━━━━━ DATASET RECORDS

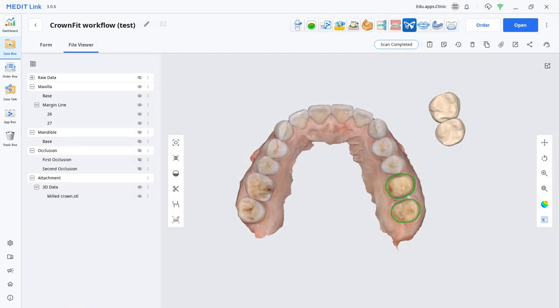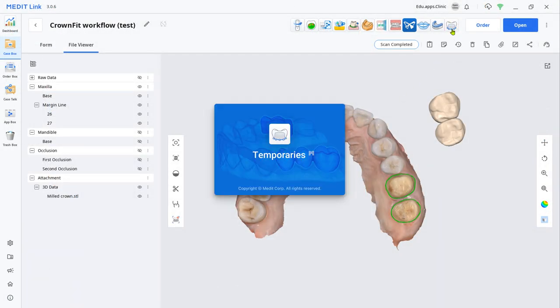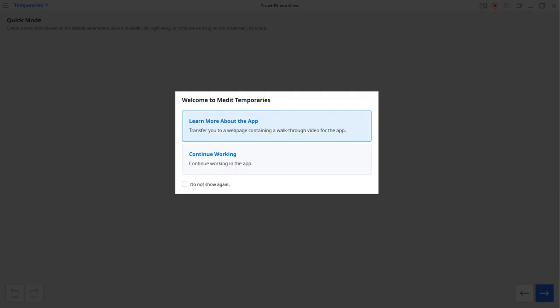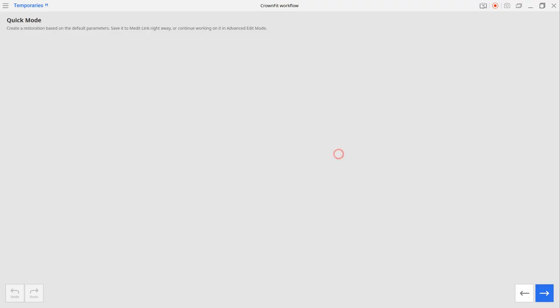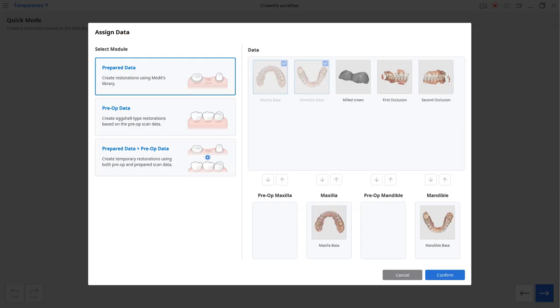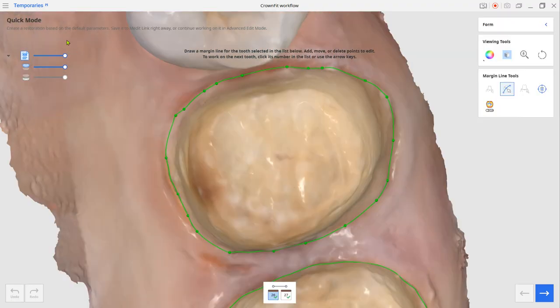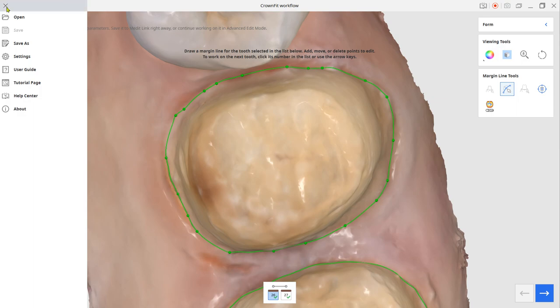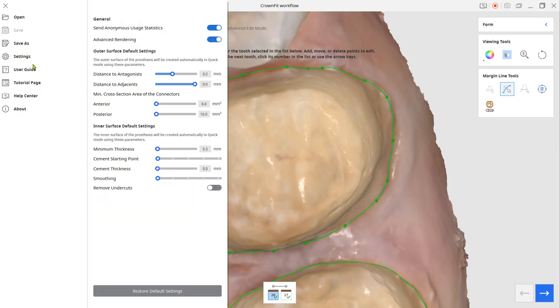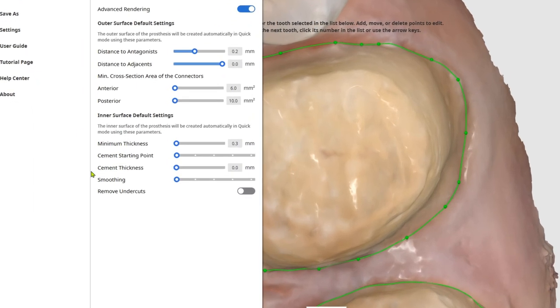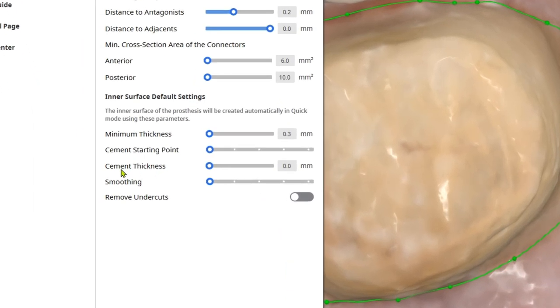After scanning, we are going to create a dummy CAD crown with the temporaries app. Load the scan file from the temporaries app and design with prepared data mode. Click the menu from the top left corner. Go to settings and make sure the cement thickness is zero for this crown.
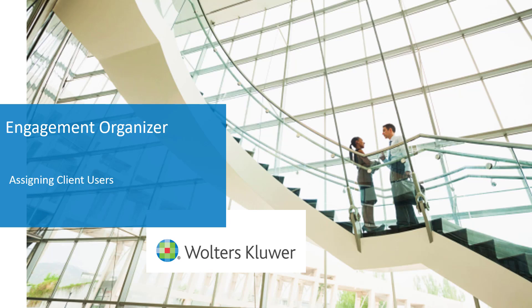Welcome to the Engagement Organizer video series. In this video, we will discuss how to assign client users to the organizer.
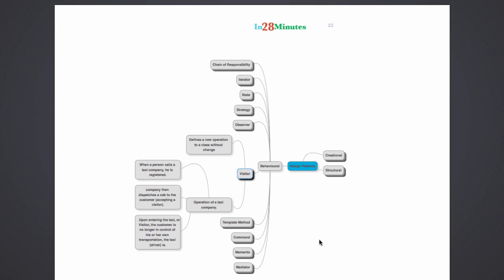The implementation of visitor pattern is a little tricky, so we would really stay away from it. A good example for a visitor pattern is the operation of a taxi company. As soon as a person calls a taxi company and the company dispatches a cab to the customer, we are accepting a visitor.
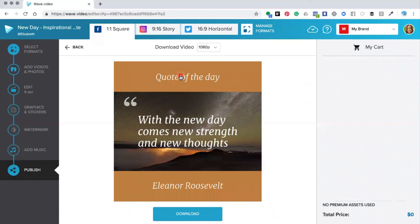We're asking you to share them inside the Wave.video community over on Facebook.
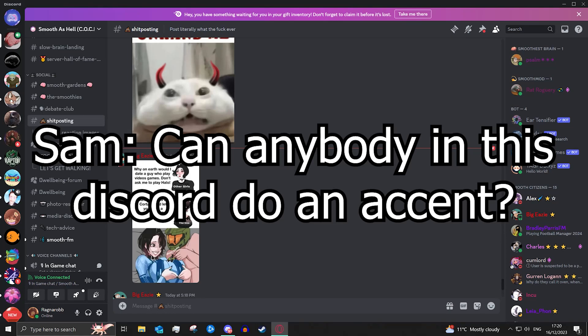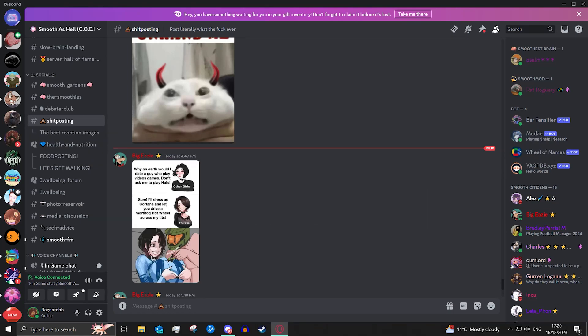Can anybody in this Discord actually do an accent? BACON! Any accent ever? Other than your own?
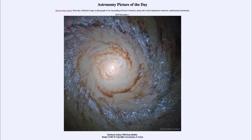It was titled Starburst Galaxy M94 from Hubble. We'll be back again tomorrow for the next picture, previewed to be Runing Mercury — we'll see what that is about tomorrow. Until then, have a great day everyone, and I will see you in class.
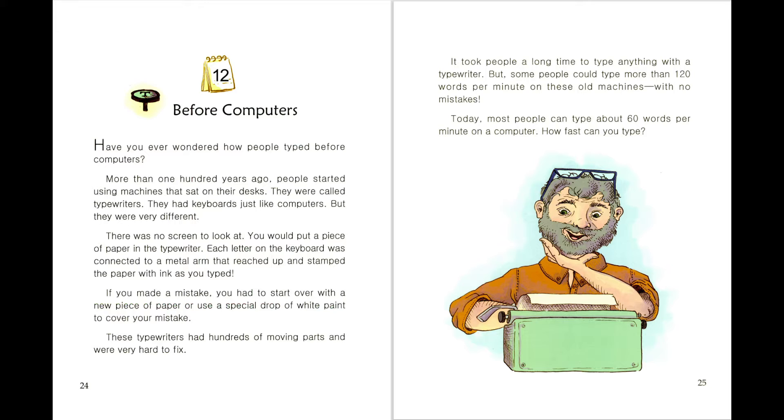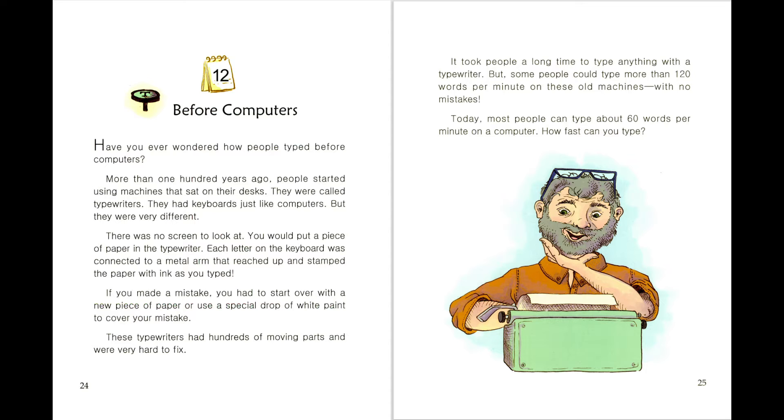More than 100 years ago, people started using machines that sat on their desks. They were called typewriters. They had keyboards just like computers, but they were very different.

━━━━━━━━━━

■ **THE TASK**
Reproduce exactly and only the lines from the "It was titled" line to the last line of the records above. Do not carry over any pictures.

■ **TASK RESULT**
It was titled Starburst Galaxy M94 from Hubble. We'll be back again tomorrow for the next picture, previewed to be Runing Mercury — we'll see what that is about tomorrow. Until then, have a great day everyone, and I will see you in class.
More than 100 years ago, people started using machines that sat on their desks. They were called typewriters. They had keyboards just like computers, but they were very different.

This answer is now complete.